Oil and Gold is the fourth studio album by the English rock band Shriekback, released in 1985 by Arista Records in UK and Europe, Australia and New Zealand and by Island Records in the United States,

The album is widely considered the band's highest creative moment and saw them begin a metamorphosis from funk-influenced new wave towards darker and challenging art rock. The addition of Martyn Barker on drums and Lu Edmonds on guitar gives many of the songs a harder edge, while the album also features synthesizers from Hans Zimmer, best known for his work in film music.

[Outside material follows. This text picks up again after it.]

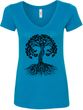 Black Celtic Tree Ladies Yoga V-Neck Shirt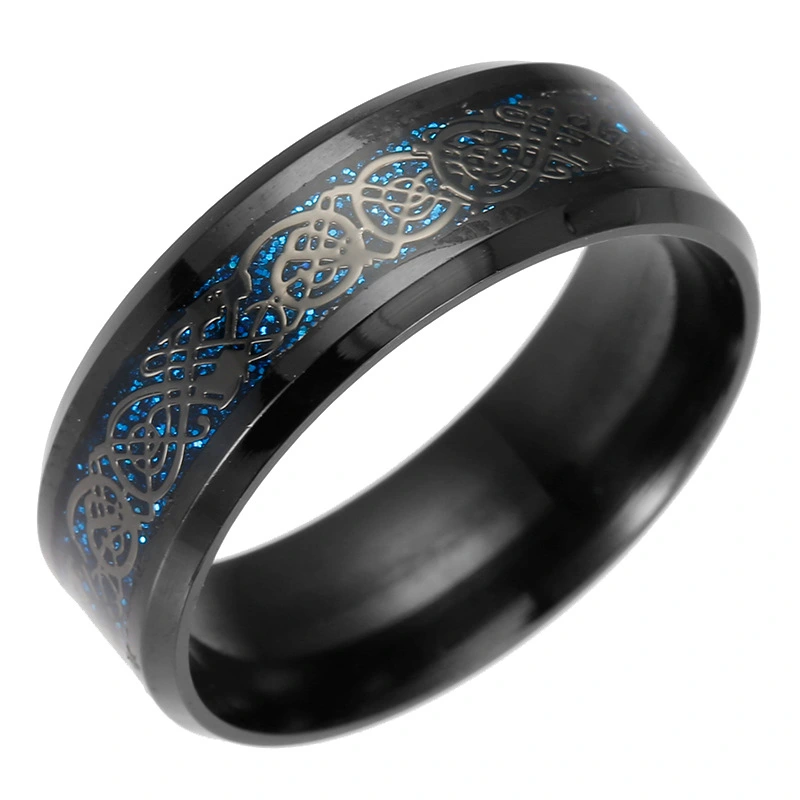 Popular Titanium Steel Plated Black Dragon Pattern Ring Stainless Steel Blue Men's Ring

Oil and Gold served as a bridge between the founding trio of Barry Andrews, Carl Marsh, and Dave Allen, and a span of releases spearheaded by Andrews alone. Marsh, whose voice featured prominently on earlier releases, left the band after the recording and Andrews took over as primary vocalist. Marsh would return with the release of Having a Moment (2003), and remains involved with the band to the present day. The album's highlights include the three opening songs, sung by Marsh, and the minor hit, "Nemesis", which became the band's signature song. The album's success widened their audience significantly, and sold well in the US. Both of the singles released from the album reached the Top 100 in the UK singles chart: "Nemesis" reached number 94 and "Fish Below the Ice" reached number 88.

==Critical reception==

Ian Peel of Record Collector commented, "Criminally overlooked for years, here – at last – is the
pivotal Shriekback album in
double-disc glory. It may not
have the cult appeal of
Tench or Jam Science and what came before nor the
commercial overload that
followed it with Go Bang!,
but Oil & Gold is the pivotal, mid-career opus that draws
together all of this maverick
band’s strengths with a
mesmerising punch."

David Barton of the Sacramento Bee praised the album saying, "This arch, wiry, British art funk is reminiscent of both Gang of Four and XTC...The vocals are amelodic, showing a great debt to David Byrne's use of cadence over melody, and the backing tracks throb like accelerated Talking Heads arrangements...Heady stuff, pretentious yes, but sharp inventive and hot."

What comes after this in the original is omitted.